The attached patch realizes a function to display a sorted word list of the current document in a new buffer. It is based on the code for Tools->Count Words and my first experiments with DocIterator & Co. :-)
Why?
Well, for LyX1.5 I'd like to contribute some functions for index generation.
The first step is to get a list of all words in the text (*)
The other reason is that I wanted to get a feeling for DocIterator & Co.
and this function looked simple enough ...
So, sent me comments!
This seems useful for several purposes, but perhaps a warning about automatic index generation. The frequency is a useful statistic, but high frequency have no impact on wether to index the word. The obvious example here should be the top word on your list. :-) We index what "people might want to look up", not "all we have".
Also, make sure this thing does not get in the way of indexing whole phrases, math expressions, images and other stuff that don't show up in a wordlist. Well, I guess it doesn't, but still.
Finally, and most important: Autoindexing every occurence of some
index-worthy word often yields a useless index. Perhaps there are
cases where such indexing is mandatory. But for an ordinary book the
requirement is not to index every occurence of some word, but the 1,2 or 3
most important places the word occur. Few people want to mess around
with "word, 1,2,6,8,12-16, 14, 18,19,22, 25-31,36" only to discover that
"word" is thorougly explained on page 14 and 26-28, and all the other references
merely mention "word" briefly.
I'm sure there is a simpler way to generate LyXText. And I need a method
to insert insets as well. LCursor.insertInset() crashed when I used it with
larger documents.
At least now we know that the english UserGuide.lyx does not only contain
31640 words but that there are only 3501 distinct ones.
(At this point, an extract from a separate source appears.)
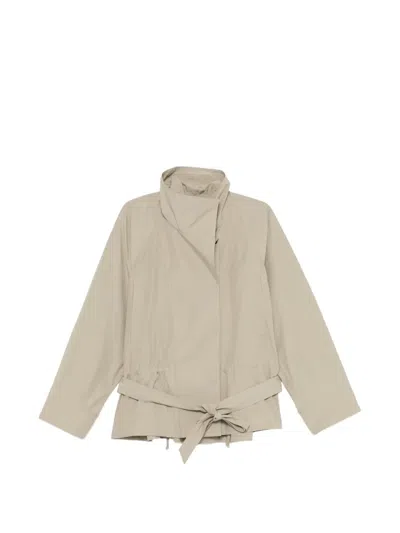 Juunj Belted High-neck Jacket In Neutral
The most frequent are:
the 1893 to 842 a 819 One of the most infrequent ones is:
unlucky 1
Good, don't want too many of that one. :-)
(*)
The idea is, that LyX provides a wordlist, removes from it any words in a stoplist
and collates by stemming (see http://snowball.tartarus.org/)
Then the user can delete any words he/she doesn't want indexed.
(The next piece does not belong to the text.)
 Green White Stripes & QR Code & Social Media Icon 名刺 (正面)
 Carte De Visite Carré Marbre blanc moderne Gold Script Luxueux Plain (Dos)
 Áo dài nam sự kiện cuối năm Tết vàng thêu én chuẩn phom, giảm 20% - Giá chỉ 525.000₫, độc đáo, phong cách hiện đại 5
Another LyX function takes the remaining words and inserts IndexInsets
after any one in the original text.
I also think a function which jumps from one IndexInset to the next with the same
key could be useful.
This one very necessary with such an approach to indexing, because the author
will usually want to delete all non-important references to the word in question.
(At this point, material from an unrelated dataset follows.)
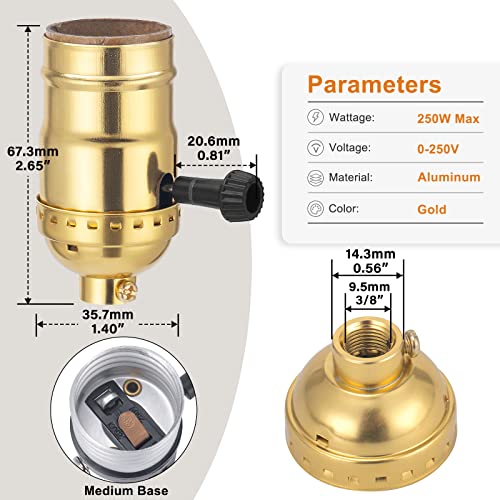 dicuno ul listed 3-way lamp socket replacement e26 standard threaded base light socket turn switch knob for low-medium-high light settings diy project table floor lamp repair kit 1-pack gold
Example: I wrote a book about algorithms, and the word "algorithm" is used in every
chapter, almost on every other page. But there is only one index entry for
"algorithm", which points out the definition in the preface.
Perhaps the program shouldn't add the entries at all, just move from word
to word and ask wether to add an entry at that point?
The ultimate goal would be to edit the index in LyX with all the bells and whistles
makeindex provides:
* subitems and subsubitems
* page ranges
You'll find that page ranges are partially supported already, an index entry that is repeated on several consecutive pages is automatically coalesced to a range. :-)
* special markup
Now that'd be something - ability to use advanced indexing without having to type latex, or watch out for specials like "_" and so on.
Helge Hafting